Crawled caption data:

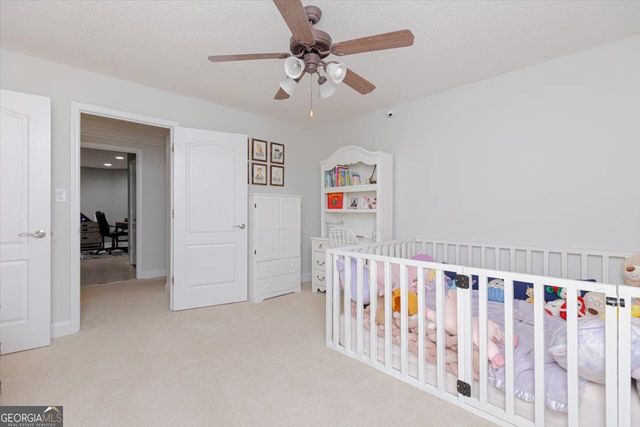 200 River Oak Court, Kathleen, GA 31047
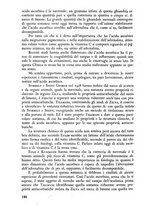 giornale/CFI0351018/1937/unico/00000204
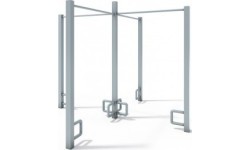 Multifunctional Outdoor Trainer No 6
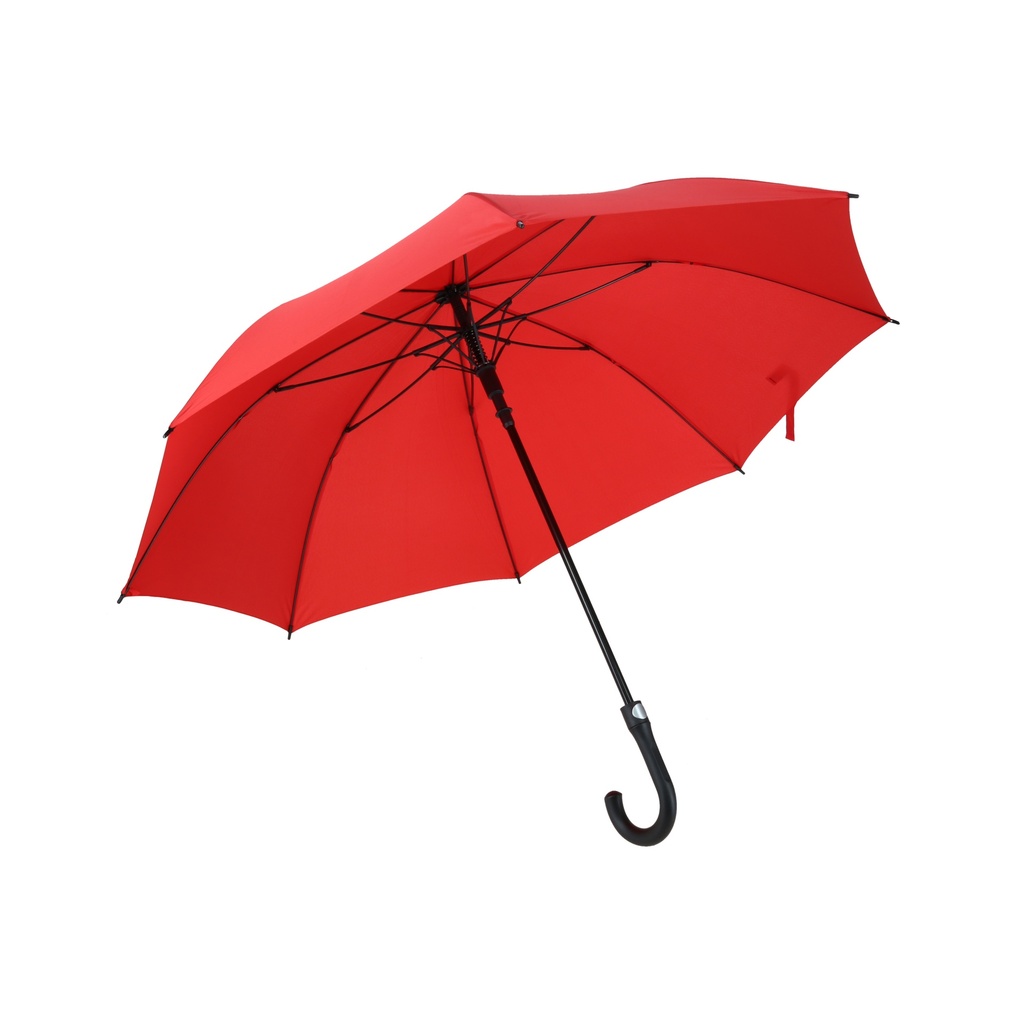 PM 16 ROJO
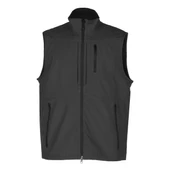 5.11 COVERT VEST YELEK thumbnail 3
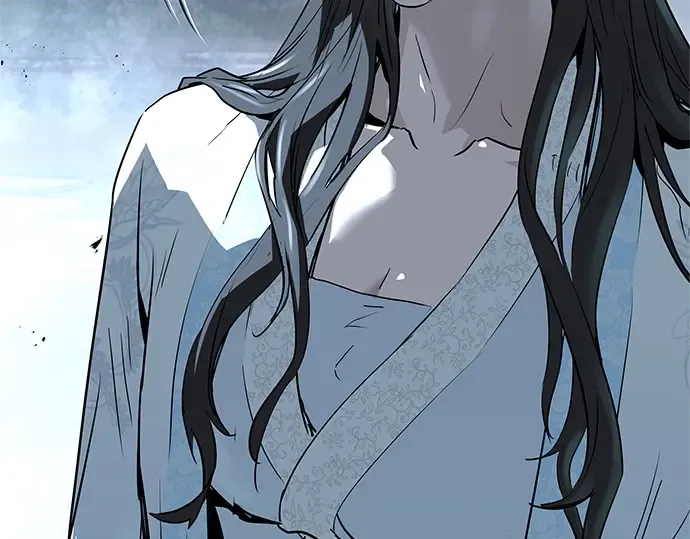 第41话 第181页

_What the exercise asks_: Apart from the pictures, every record must be set down exactly.

_Response area_:
 200 River Oak Court, Kathleen, GA 31047
 giornale/CFI0351018/1937/unico/00000204
 Multifunctional Outdoor Trainer No 6
 PM 16 ROJO
 5.11 COVERT VEST YELEK thumbnail 3
 第41话 第181页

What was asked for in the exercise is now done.